Note: historical viking shields for adults were maybe 28-36″ in diameter, but were ridiculously lightweight, at 6-8 lbs. Maybe 7mm of wood on the core near the boss, tapering to maybe 2.5mm of wood on the rim, maybe give or take a mm or so. Added on top of that was 1mm of parchment-thick skin, and the edge was wrapped with similar material. So under the boss, where it fastens to the shield, it was maybe 8mm thick. At the rim, you’ve got 4.5 to 5.5mm of material, roughly half of which was wood. The shield clamps found in archaeological sites back this up – these things were very, very thin and light. Measurements of shields that are closer to 1″ thick tend to include the handle, according to my instructors.
Thus, what you won’t find here is advice to take a piece of plywood of any thickness (though if you were going to do it, use 1/4″ stuff) and then fix a boss to it. That’ll cost you about $7 for the wood, and then a few bucks more for the handle and boss. It’ll weigh about 2.75 lbs when you’re done for a kid-sized version. The ones I make are closer to historical methods and materials, ’cause that’s how we do it in the school I train at. If I wanted to go full-on historical, I’d have to be much more selective in the woods I use, and make the transition to hide glue. Plus get and stretch parchment.
So what I’m doing is a bit of a half-way shield. Not even close to full-historical (and those can be had from old-growth lumber with 100% as good as we know how to do for $600-1000 if you want the true real thing), but better than “cut it out of plywood.” There are reasons for that having to do with training with sharps where the grain orientation matters. And since most kid-training had best be done with blunt weapons, you want something more robust.
Still, I digress.
What You Need
I’m going to go with materials sufficient to make four shields, mostly because some of the bits really can be spread among several.

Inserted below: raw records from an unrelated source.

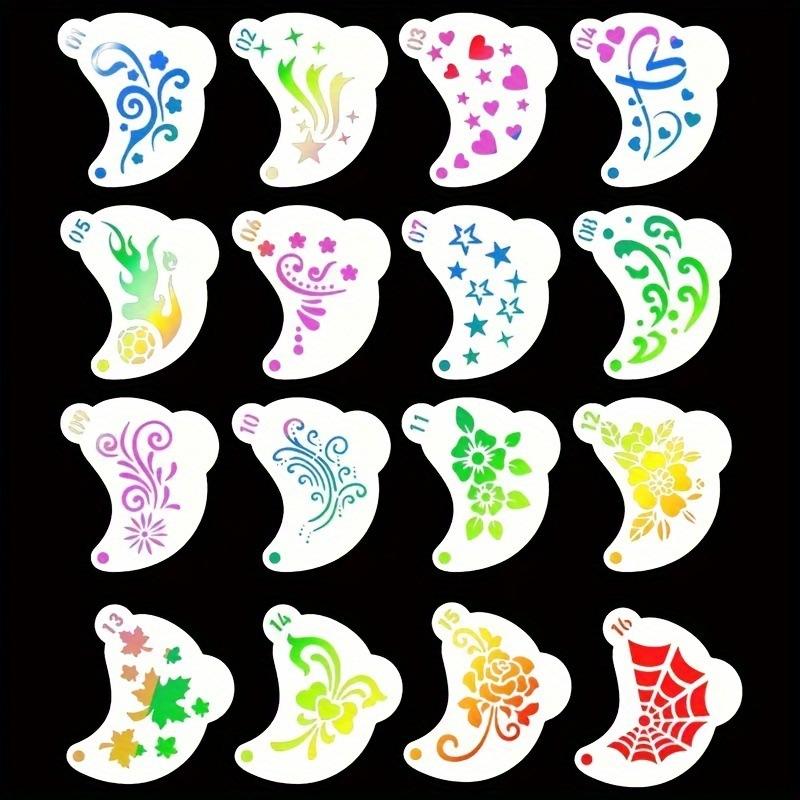 16Pcs Durable Pet Plastic Washable Template Reusable Face Painting Stencils With Assorted Floral Spiderweb Heart Designs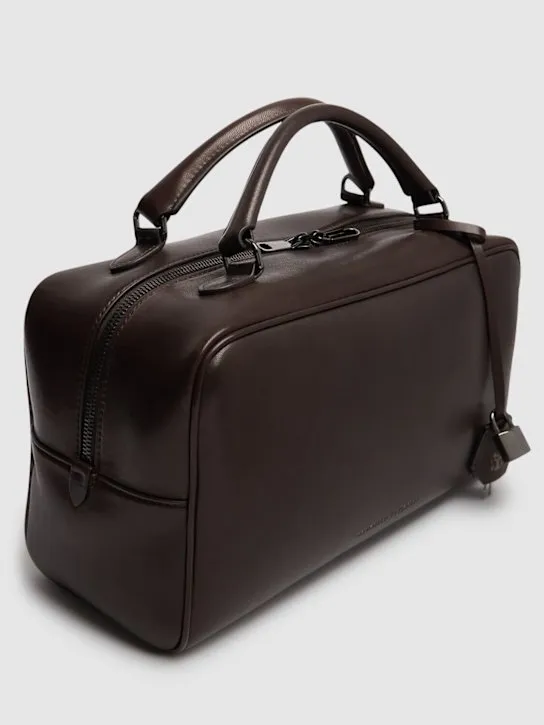 Brunello Cucinelli   Glossy leather top handle bag 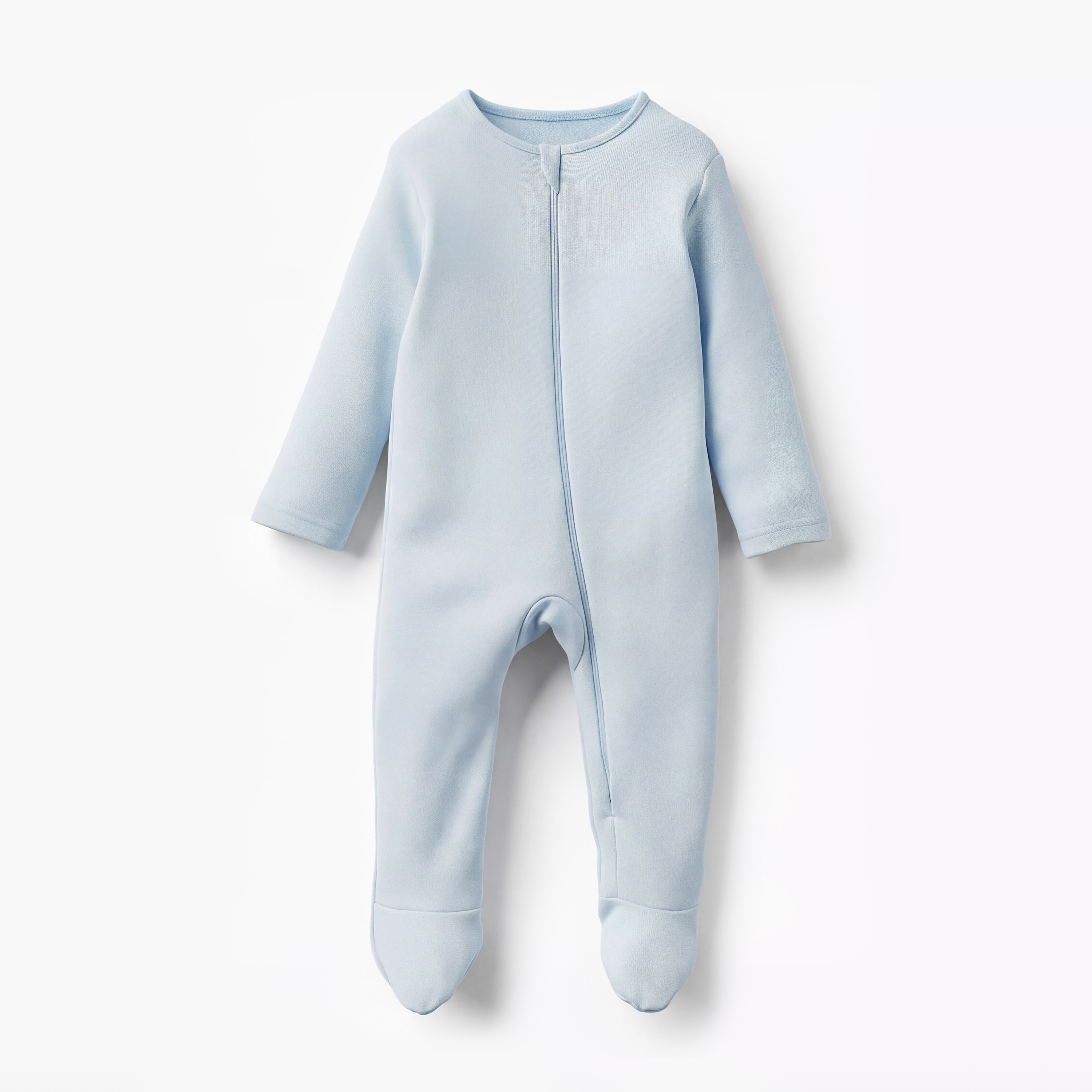 Juniors Solid Closed Feet Sleepsuit with Zip Closure - Set of 3-baby-girls-clothing-nightwear-sleepsuits-image-2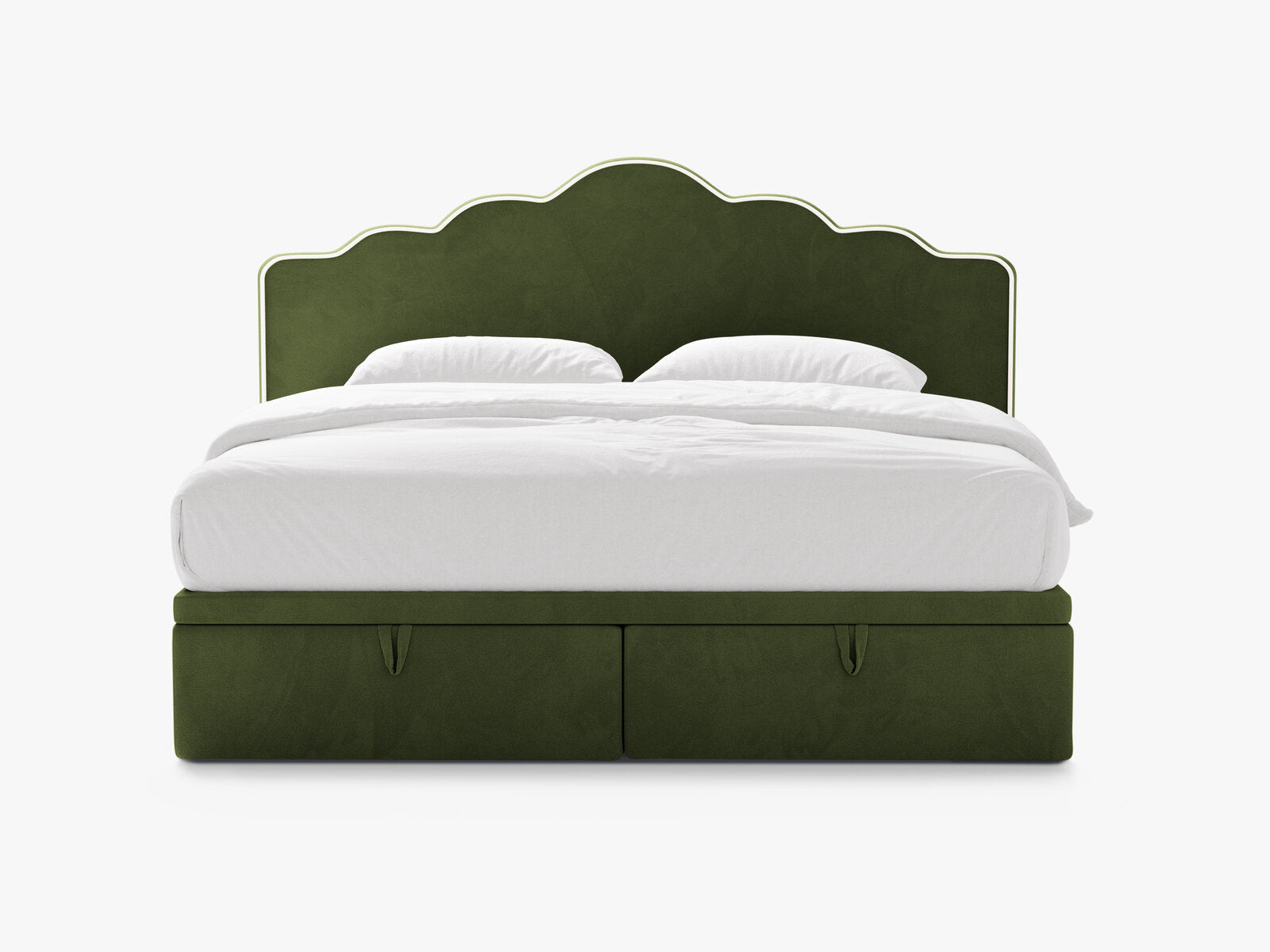 Micadoni Dream Boxspringbett mit Bettkasten und Kopfteil Samt Magic Velvet Elfenbein / Armeegrün 140x200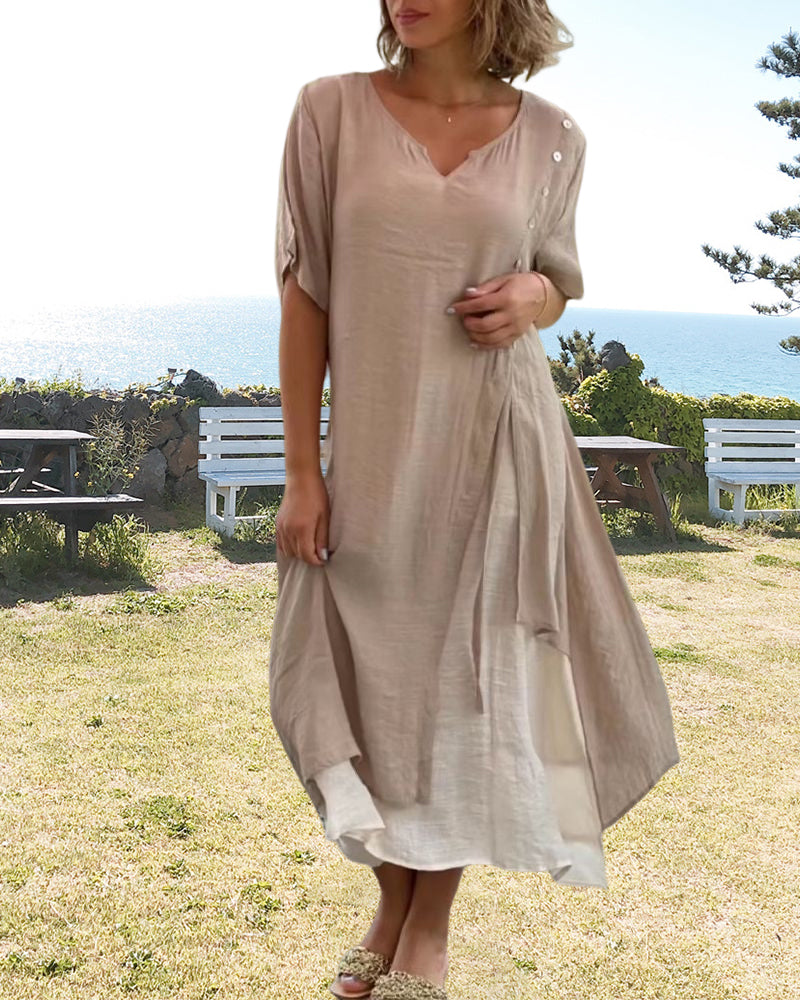 Velissa | Asymmetrisches Kleid mit kurzen Ärmeln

Wood: 2′ long, 1/4″ thick basswood. Plank width can be 3-6″, and 8 3″ wide x 24″ long basswood planks can be had for about $55 for four shields worth ($13.60 per shield). The grip is (for kids) also made from basswood, but you can use just about anything. I recommend 1/2″ x 1″ x 24″ pieces, found here, but you can find them other places too. $8.00 ($2.00 per shield)
Fasteners: I use 1.5″ copper nails, because they are soft and will “clinch” better. I even do this on my adult shields, though annealed wrought iron (well, faux wrought iron, ’cause real ones are very, very expensive) looks better. The annealed (heated very hot for a while to make them less hard) is important for the iron, and is why I used copper, since I don’t have an annealing furnace on hand). $20 for about 60 nails. (you might shop around; you’ll want one nail per board, more or less, and so might be able to get these cheaper). $3.50 per shield.
More fasteners: Brass split pins. The 1/4″ wood and the particular boss used won’t stand up to a properly clinched copper nail very well; these split pins, glued in place on the back side, make a nice alternative. $2.50 per 100.
Shield boss: Heh. Stainless steel salad bowl, baby. Scuff it up with sandpaper and paint it. Winco MXB-75Q 3/4 quart bowl. $5.30 each at amazon, but I swear I found ’em for 4 for $10, and restaurant supply stores have them for under a buck, but I’m not sure if you need to order 100 of them. I’m going to call this $5 each, but PLEASE shop around, because it really looks like you can do rather well here.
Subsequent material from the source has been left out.